Steinem, 77, went undercover as a Playboy Bunny in New York in 1963 to write a now-legendary piece for Show magazine exposing the less-than-glamorous working conditions for Bunnies. She recently said she hopes viewers will boycott the NBC show, which she doubts will depict Hugh Hefner’s swinging ‘60s-era Chicago club accurately.
“I can't imagine the show will be anything like the real Playboy clubs,” Steinem told Showtracker. “Hefner is always trying to make himself and the clubs seem glamorous instead of tacky.”
Steinem says that back in 1963, she deeply regretted having done the Bunny expose because she wasn’t taken as seriously as a writer after the piece saw print.
“It was a big career error of gigantic proportions,” she says. “I was just beginning to get serious assignments at Show and Esquire ... and once I did the Bunny piece, the assignments that came in were like, ‘Oh, you could sit in a beauty salon or pretend to be a hooker,’” she says.
“But then feminism sort of arrived and made me understand it was a good thing to do.
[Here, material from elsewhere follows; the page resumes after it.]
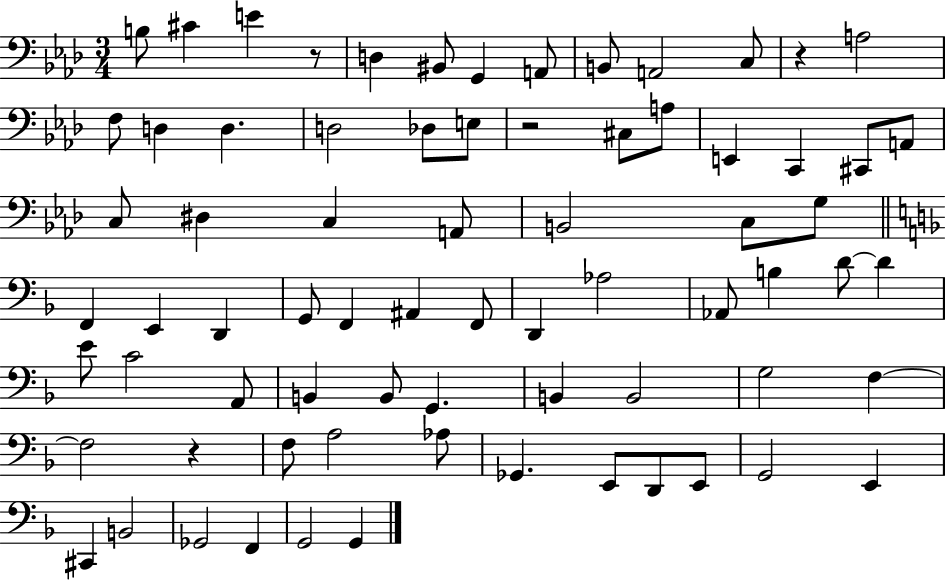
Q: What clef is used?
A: bass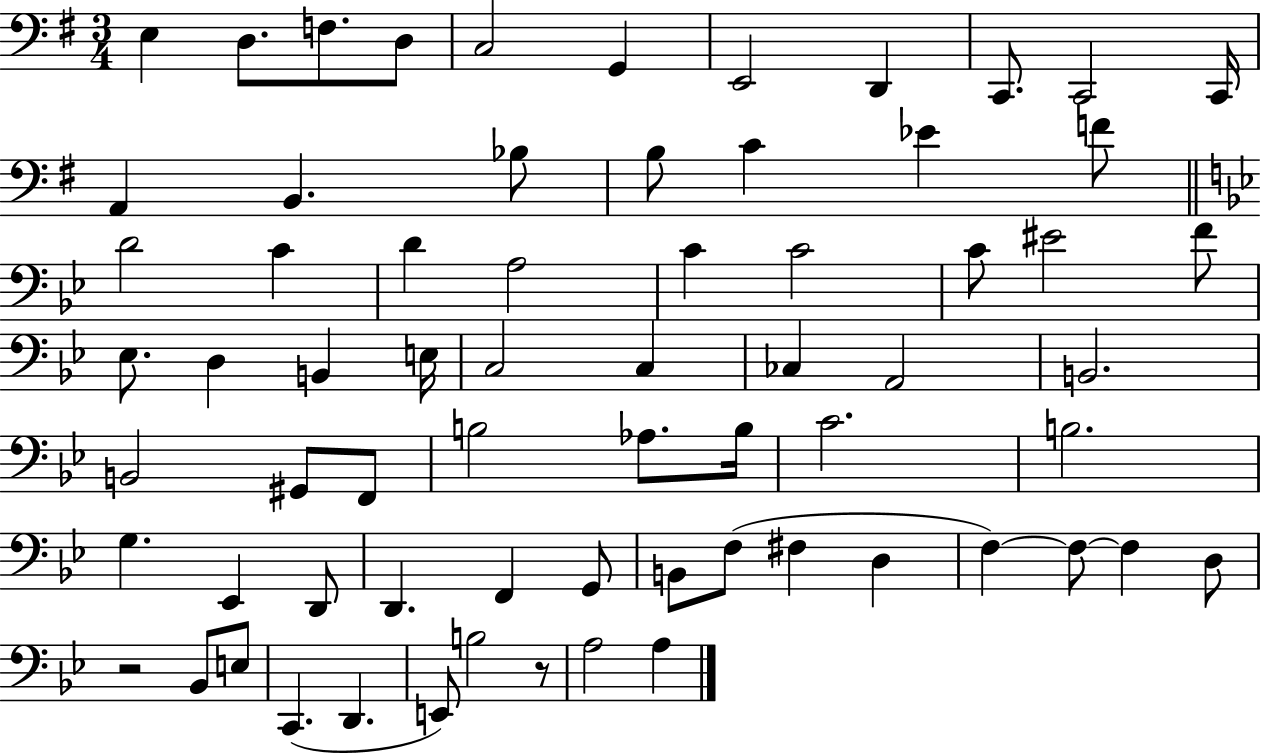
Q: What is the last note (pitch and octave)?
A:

Because those women had terrible working conditions.”
"The Playboy Club" debuts in September, at which point the network invites viewers to “step inside the seductive world of the Bunny, the epitome of beauty and service, and rub shoulders with the decade's biggest mobsters, politicos and entertainers.”
Steinem balks at the perceived glamour. But she’s not necessarily angry, she says. "By now, it's hard to work up any anger about Hefner -- he's a pathetic self-parody. Imagine if I'd made him up -- no one would believe it!”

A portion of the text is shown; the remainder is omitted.